O que acontece quando começamos a tensionar o significado das palavras? O que a gente perde quando somos forçados pelas circunstâncias a usar as palavras e expressões que conhecemos de outra forma? O que essas mudanças significam? O que elas causam nas pessoas e na sociedade? O que acontece quando elas surgem a partir das consequências do que a humanidade já viveu, mas quase ninguém mais se lembra?

O que a humanidade conhecia como três da tarde não é mais três da tarde como sempre foi. Não tem luz do sol, não tem trabalho formal, não tem horas e mais horas que separa esse momento da hora de se recolher. As três horas da tarde parecem mais próximas agora das dez da noite de antes.

Família não é mais somente o grupo de pessoas que tem vínculo sanguíneo, de sobrenome e talvez de afeto. Família agora tem um significado mais próximo do que antes se entendia como comunidade.
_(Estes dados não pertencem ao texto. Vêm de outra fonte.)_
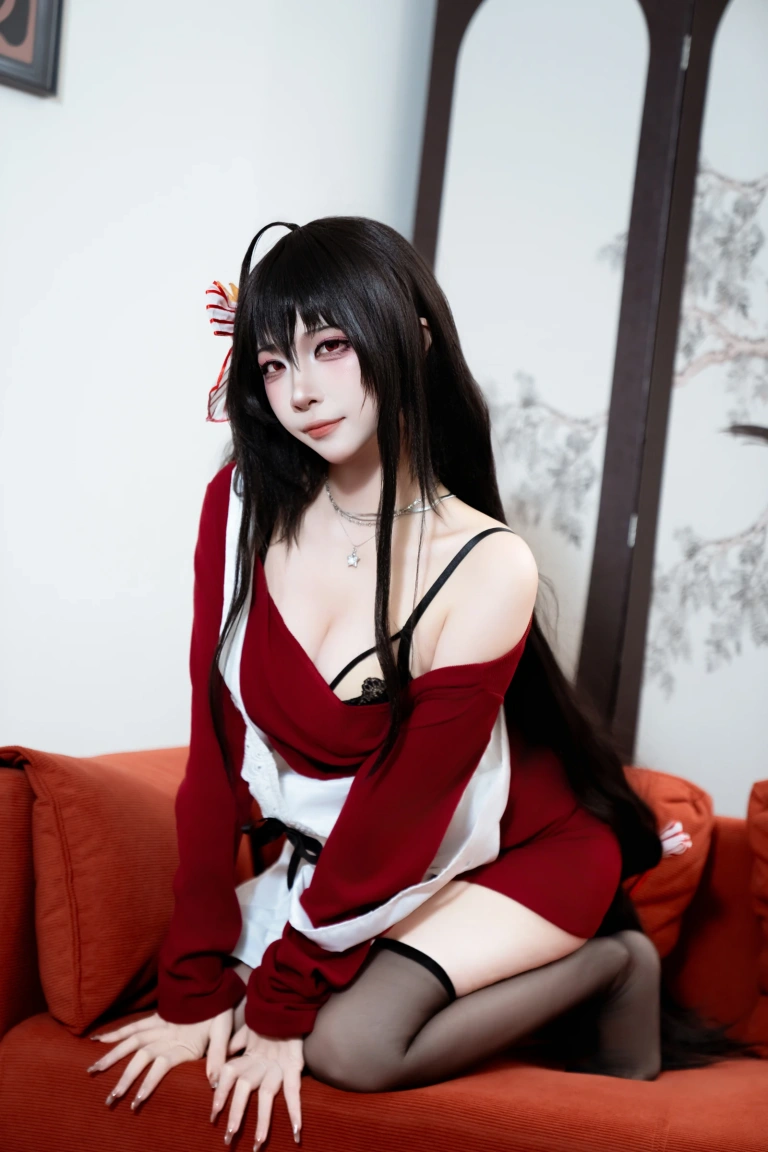《碧蓝航线 大凤 居家服》｜二佐Nisa · 31张写真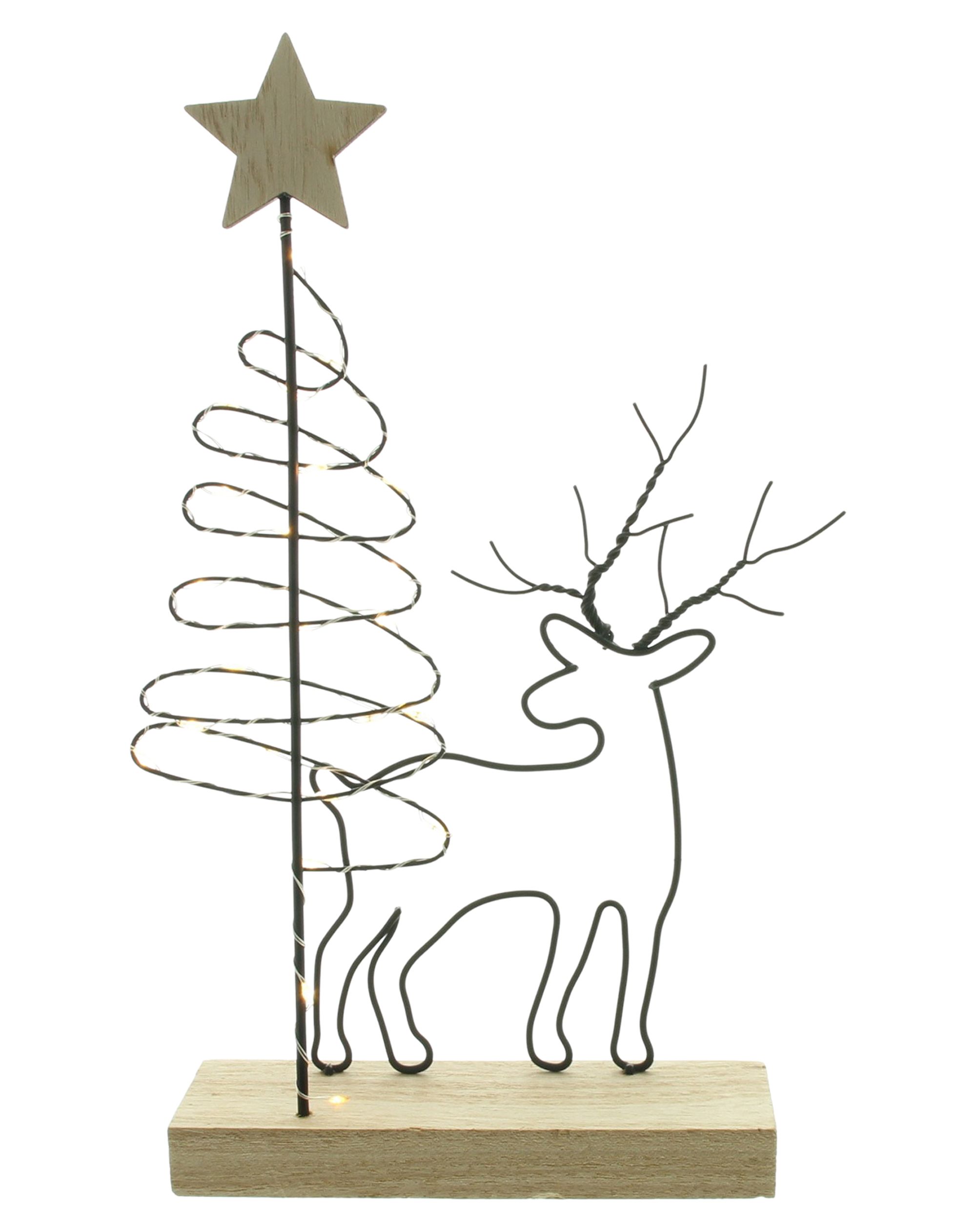 LED-Deko "Winterwald"  im Frank Flechtwaren Online Shop für Weihnachten kaufen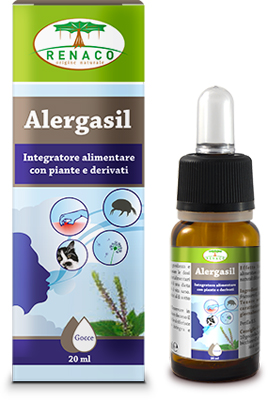 Renaco Alergasil Integratore Alimentare in Gocce, 20ml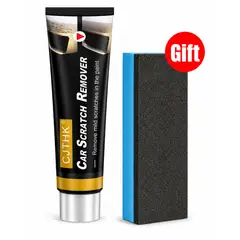 GENERICO - Removedor de Rayones CJTHK 20 ml con Esponja para Auto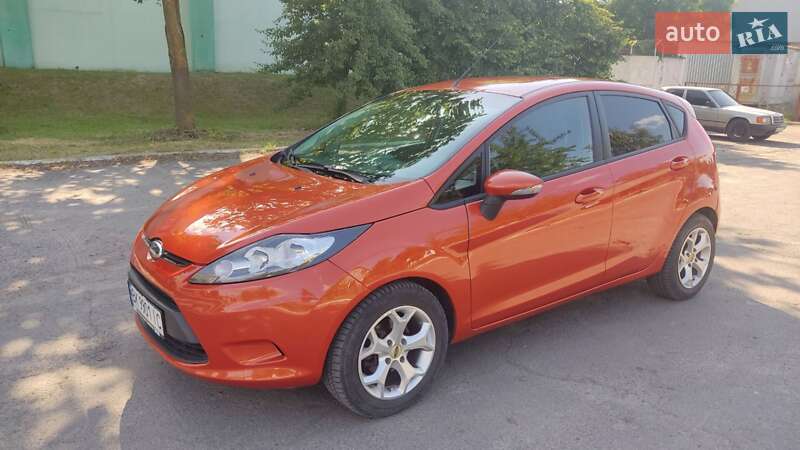 2011 ford fiesta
A sobrevivência humana passou a depender de redes de solidariedade e esses laços que surgiram da troca e do diálogo fizeram com que a ideia de parente ganhasse outros sentidos.

O mundo que se desenha agora, muitos anos após o que alguns chamaram de fim do mundo, é outro. Ele veio após os nomes democracia, povo e perseguição serem deturpados. Ele veio após fugas, guerras, desespero, dor e fins ganharem novas acepções. O que existe agora é um desejo urgente de sobrevivência e uma noção de que a humanidade é composta por seres sociais e que as pessoas precisam estar sempre cercadas de outras.

“Talvez tenhamos ficado muito tempo ensimesmados”, continua a protagonista branca, idosa e de cabelos lisos chamada Sônia, como a atriz famosa que a interpreta, para um grupo que não conheceu nada daquilo que ela viveu e agora a ouve com curiosidade e respeito.

Tem quem acredite que esse novo mundo se cria quando, às três horas da tarde, as pessoas se sentam juntas para conversar e compartilhar histórias antigas e novas. Alguma coisa acontece quando as pessoas se juntam. Alguma coisa acontece quando essa gente coloca no papel o que uma comunidade lembra, sonha, ri e conversa.


Esse texto é resultado do dia 8 do Desafio de Escrita para a Quarentena proposto pela Stefani Del Rio. A proposta era que se escrevesse uma espécie de sinopse para um filme fictício de distopia e/ou pós apocalíptico.